Neudefinition der Finanzkraft
Die eigentliche finanzielle Situation der Städte mit ihrer Verschuldung auf Grund der Erfüllung ihrer
vielfältigen gesetzlichen und politischen Aufgaben findet praktisch keine Berücksichtigung. Hier sollte
über entsprechende Korrekturen diskutiert werden, sodass durch geeignete Förderungen die allseits angespannte
finanzielle Situation der NÖ Statutarstädte entschärft werden könnte.
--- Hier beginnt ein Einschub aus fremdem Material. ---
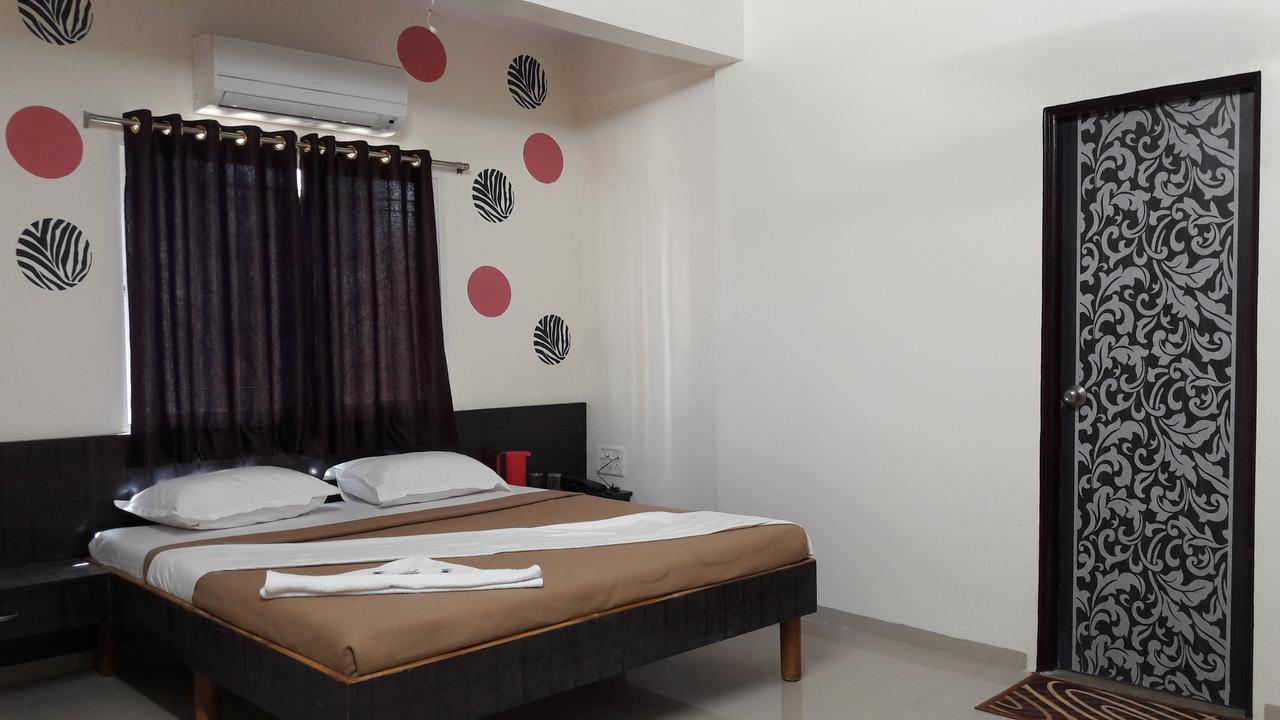 Hotel Aurangabad Regency Ngoại thất bức ảnh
Was die Statutarstädte einfordern
- Von Bund und Land ist daher zu fordern, dass sie günstige Finanzierungen für kommunale Vorhaben bereitstellen,
sei es durch günstige Kredite - etwa Zugang zur Bundesfinanzierungsagentur -, Schuldendiensthilfen und ähnliches
mehr.
- Verbesserung der Einnahmensituation durch Ausdehnung der Kommunalsteuerpflicht auch auf Dienstnehmer von Körperschaften
öffentlichen Rechts
- Deutliche Absenkung der Belastungen durch Umlagen und Transferleistungen an das Land und somit Entlastung der
Stadtbudgets.
- Ende der ungleichen Behandlung der NÖ Städte bei den Bedarfszuweisungen
- Abgeltung der KRAZAF-Lücke
- Anhebung der Wertgrenzen
- Abgeltung des Mehraufwandes für übernommene bzw. zu übernehmende Aufgaben
- Es geht nicht um das "Ausspielen" von Städten gegen kleinere Gemeinden, doch sind die Statutarstädte
Niederösterreich mit ihren Budget und Investitionen ein kräftiger Motor der Konjunktur. Krems, St. Pölten,
Waidhofen a.d.Ybbs und
Wiener Neustadt leisten hervorragende Arbeit, deshalb gehört auch die finanzielle Bedeckung entsprechend
den Anforderungen von heute neu geregelt.